- _YOUR ASSIGNMENT_:
Give back the lines below exactly, but do not include any pictures.

- _DATASET CONTENT_:
.....

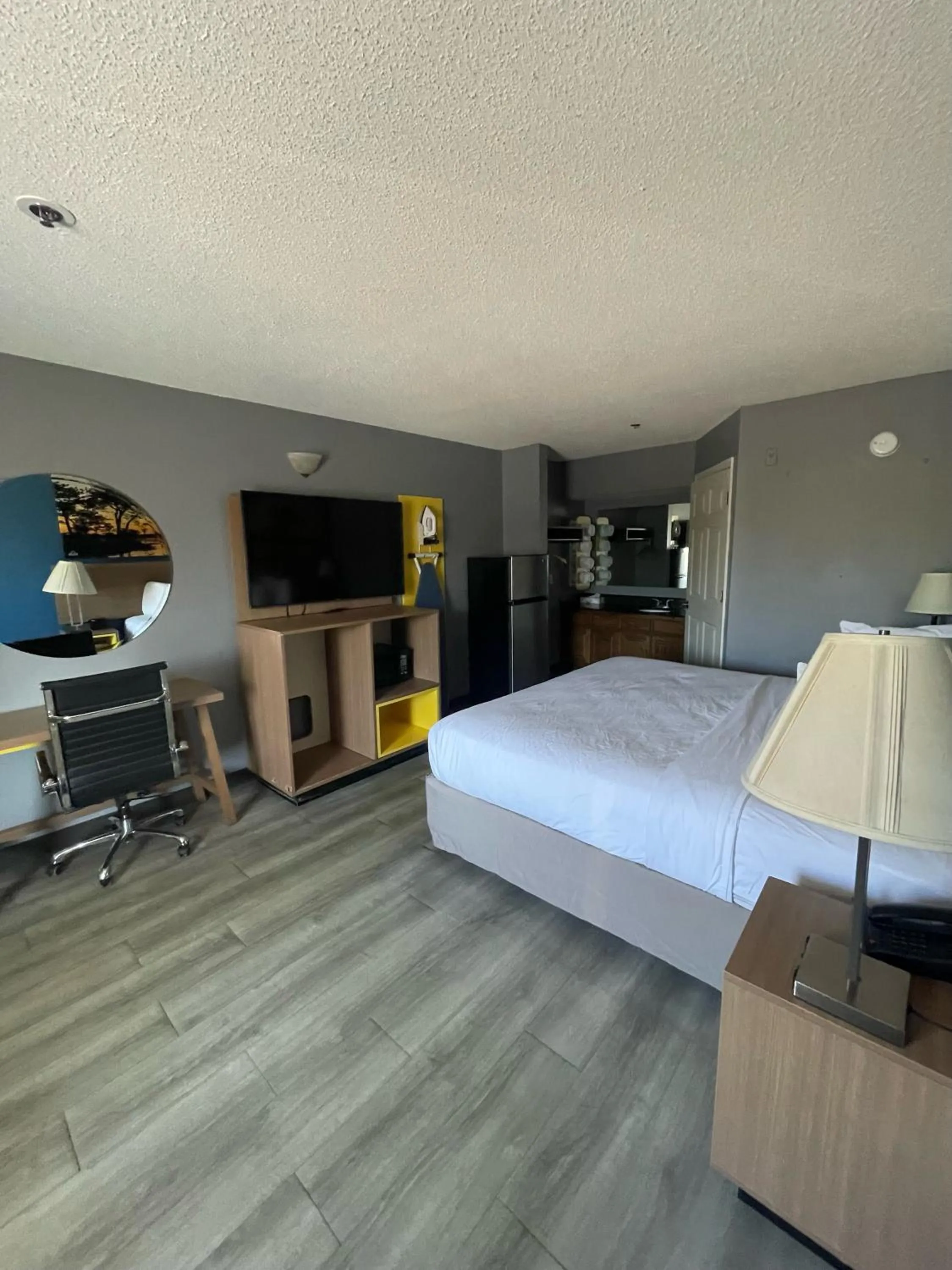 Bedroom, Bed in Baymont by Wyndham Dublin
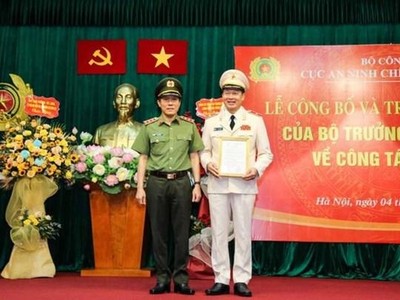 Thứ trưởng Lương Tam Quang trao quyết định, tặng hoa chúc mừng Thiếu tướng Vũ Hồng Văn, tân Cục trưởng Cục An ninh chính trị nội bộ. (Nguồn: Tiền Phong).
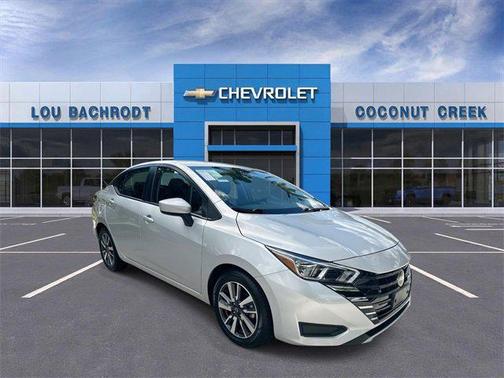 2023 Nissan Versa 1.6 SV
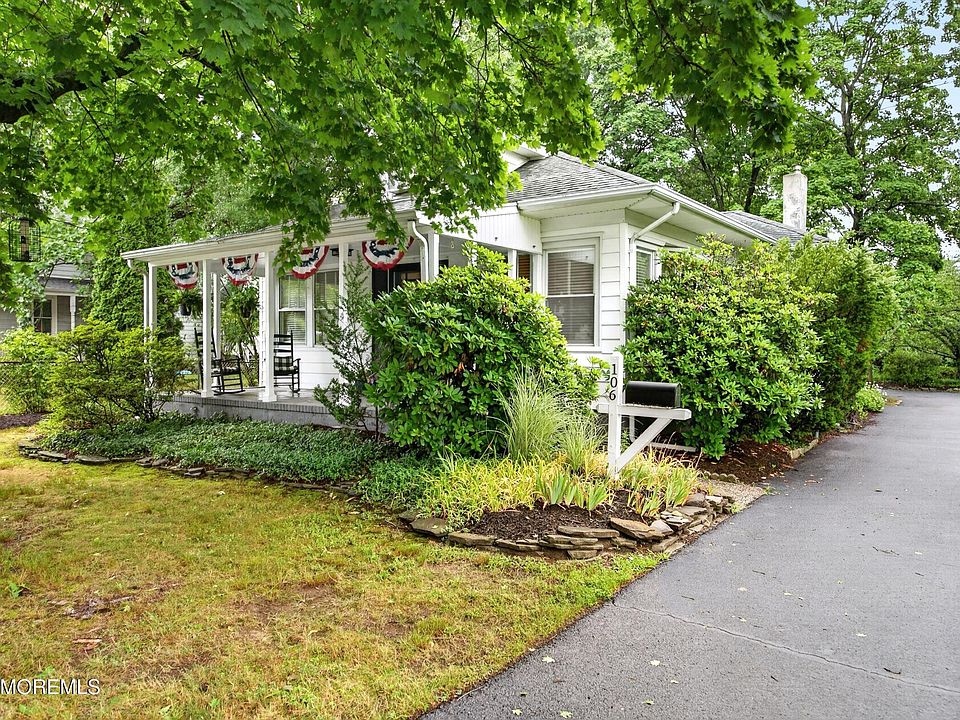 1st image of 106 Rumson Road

.....

- _SOLVED PROBLEM_:
 Bedroom, Bed in Baymont by Wyndham Dublin
 Thứ trưởng Lương Tam Quang trao quyết định, tặng hoa chúc mừng Thiếu tướng Vũ Hồng Văn, tân Cục trưởng Cục An ninh chính trị nội bộ. (Nguồn: Tiền Phong).
 2023 Nissan Versa 1.6 SV
 1st image of 106 Rumson Road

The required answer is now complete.